Phase 11 β€” integration: GitLab + keychain + WKD + hot-reload β€” M (splittable)

  • GitLab nested-group / Enterprise auth + PR/release-asset integration (headline capability, currently unit-only).
  • OS keychain real round-trip + runtime resolution-precedence (envβ†’keychainβ†’literalβ†’fallback) β€” today mock-only (keyring.MockInit).
  • WKD resolver against a real static openpgpkey host (today httptest-only).
  • Config hot-reload (Observable/fsnotify) β€” mutate a real file, assert observers fire (today unit-only).

P2 β€” Hygiene & lower-risk

Phase 12 β€” generator AST unit tests β€” S

internal/generator/ast_extract.go pure AST walkers at 0%: evaluateTimeBinaryExpr, containsCall, extractCallTarget, fallbackFindTargetFunction, isCobraCommandConstructor, processDeclStmt, markFlagHidden, processCobraKey (33%). No I/O β€” cheap table tests over parsed-source fixtures; a silent mis-parse here produces subtly wrong scaffolds.

Phase 13 β€” BDD smoke for remaining commands β€” S

changelog, mcp (default-enabled, no scenarios); init ai/init github/init bitbucket non-interactive --skip-* outcome paths (the e2e binary already enables these wizards for exactly this); controls shutdown-timeout-exceeded forced-termination.

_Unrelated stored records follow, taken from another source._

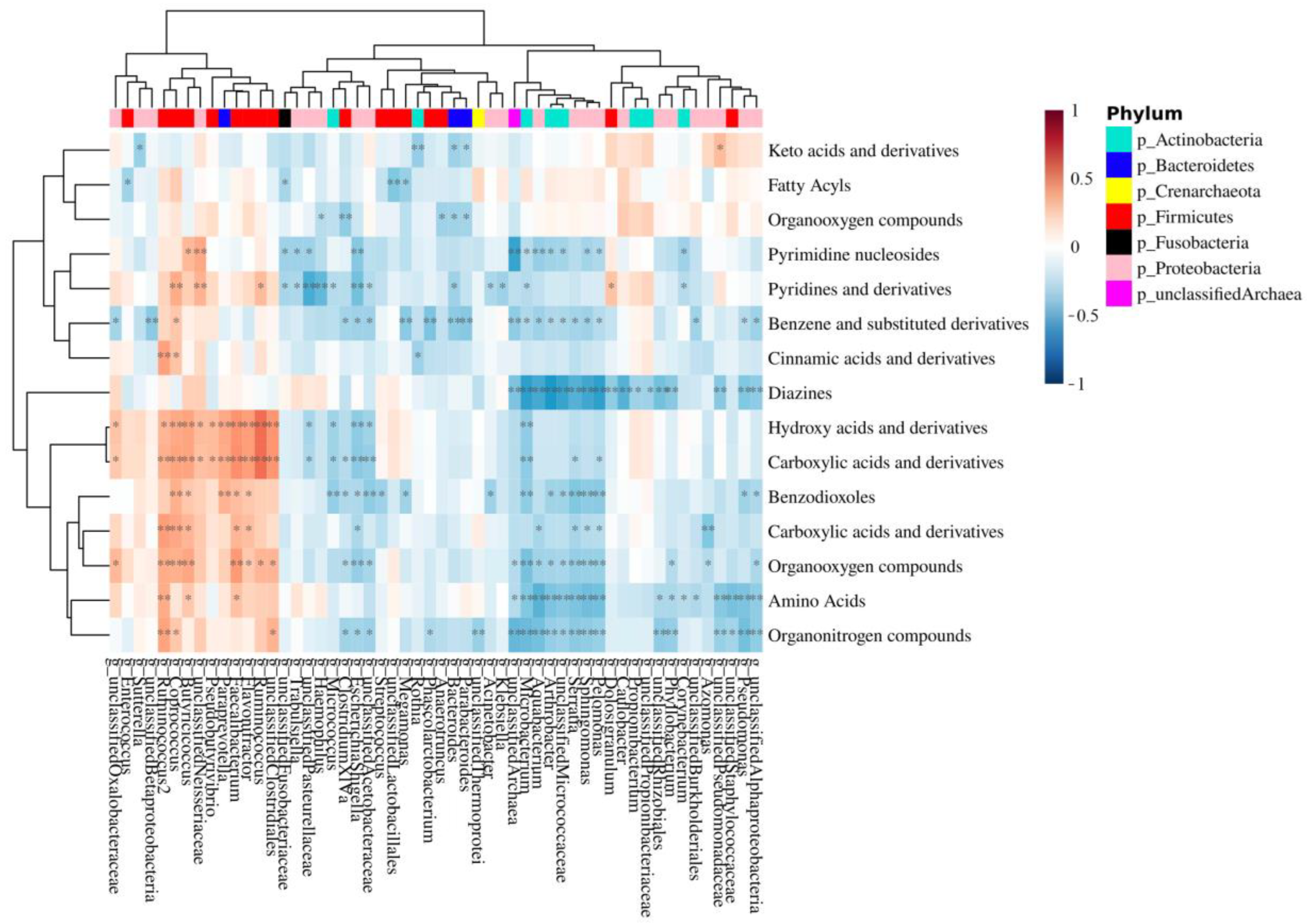 Cancers 15 03065 g005 Cancers 15 03065 g005
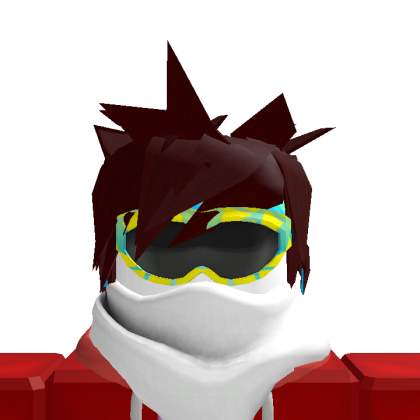 edwin_genial2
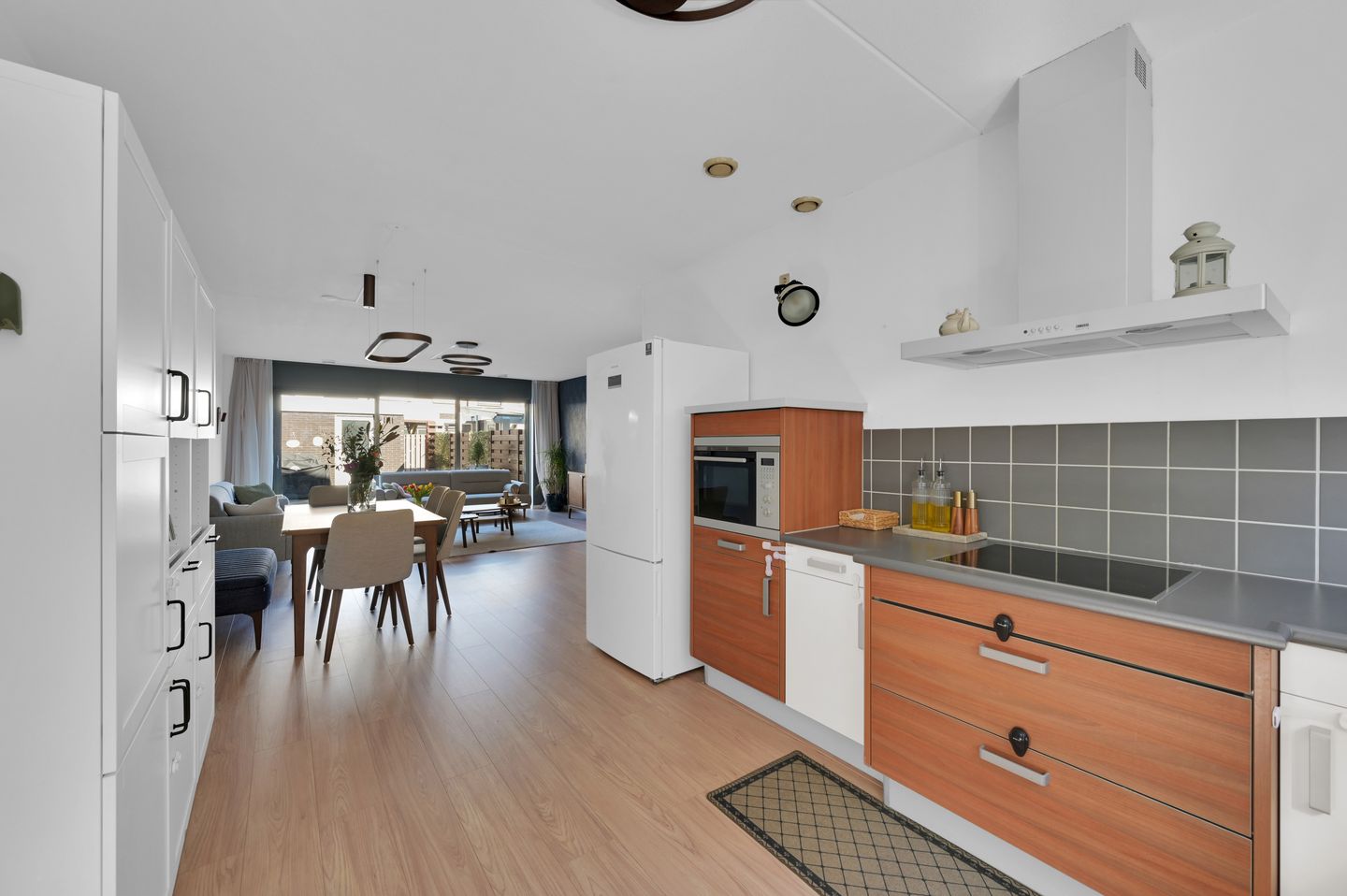 Photo 14 of Fontijnehof 5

Phase 14 β€” integration-test hygiene/doc drift β€” XS–S

  • Rename the 4 convention-violating files to *_integration_test.go (pkg/config/integration_test.go, pkg/controls/{integration,shutdown}_test.go, pkg/cmd/root/integration_test.go) so the find sweep the convention relies on works.
  • Document the signing and generator_build tags (the project's best real-dependency coverage, currently invisible to reviewers).
  • Correct docs/development/integration-testing.md: chat tests do not require API keys (httptest/in-process); fix the INT_TEST_E env-table parsing artifact; mark Bitbucket/Gitea sections honestly as unimplemented.

Phase 15 β€” chat live-provider coverage (optional, gated) β€” M

Real Anthropic/OpenAI/Gemini SSE + auth-mode integration behind keys (today zero live coverage). Lower priority because providers are external/costly; pair with the Phase 14 doc correction so the gap is at least honestly recorded.


Notes

  • Phases 1–3 + 12 are quick, pure, high-value β€” recommend bundling the truly-tiny ones (Phase 1) into the immediate cleanup.
  • Phases ⅚/11/15 require live credentials/runners β€” schedule against CI secrets availability.
  • pkg/forms, pkg/docs (Bubble Tea), wizard/AI-orchestration paths, and skeleton string-emitters are intentionally left to E2E/integration rather than unit β€” not policy violations to chase.
  • pkg/signing/kms.NewSigner and (b *backend).NewSigner (both 0%) are thin AWS-config-load wrappers around the already-100%-covered newSigner(ctx, client, keyID); like browser.defaultOpener, they are untestable in unit without real AWS and are excluded from the policy chase.
  • Cross-reference: this plan supersedes the testing-related items noted in the 2026-06-12 audit plans for the areas it covers.